Computer Vision Laboratory, Faculté Informatique et Communications, École Polytechnique Fédérale de Lausanne, 1015 Lausanne, Switzerland.
Neuroinformatics. 2011 Sep;9(2-3):279-302. doi: 10.1007/s12021-011-9122-1.
We present a novel probabilistic approach to fully automated delineation of tree structures in noisy 2D images and 3D image stacks. Unlike earlier methods that rely mostly on local evidence, ours builds a set of candidate trees over many different subsets of points likely to belong to the optimal tree and then chooses the best one according to a global objective function that combines image evidence with geometric priors. Since the best tree does not necessarily span all the points, the algorithm is able to eliminate false detections while retaining the correct tree topology.
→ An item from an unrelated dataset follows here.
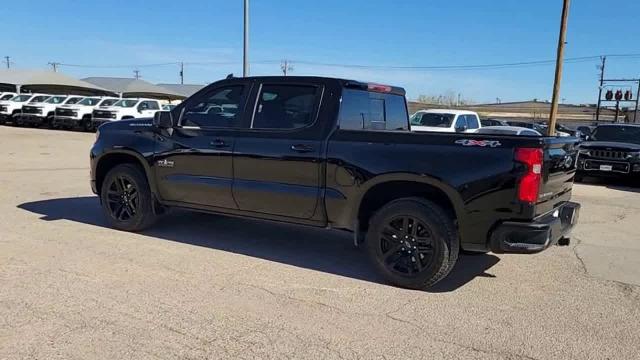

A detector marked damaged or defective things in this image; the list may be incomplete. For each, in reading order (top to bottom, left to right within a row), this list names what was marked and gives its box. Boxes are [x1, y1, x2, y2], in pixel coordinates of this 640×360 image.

Manually annotated brightfield micrographs, retinal scans and the DIADEM challenge datasets are used to evaluate the performance of our method. We used the DIADEM metric to quantitatively evaluate the topological accuracy of the reconstructions and showed that the use of the geometric regularization yields a substantial improvement.
我们提出了一种新颖的概率方法,用于全自动勾画噪声 2D 图像和 3D 图像堆栈中的树状结构。与早期主要依赖于局部证据的方法不同,我们通过许多可能属于最优树的不同点子集构建了一组候选树,然后根据结合图像证据和几何先验的全局目标函数选择最佳树。由于最优树不一定跨越所有点,因此该算法能够消除误报,同时保留正确的树拓扑结构。我们使用手动注释的明场显微镜照片、视网膜扫描和 DIADEM 挑战数据集来评估我们方法的性能。我们使用 DIADEM 度量来定量评估重建的拓扑准确性,并表明使用几何正则化可以显著提高性能。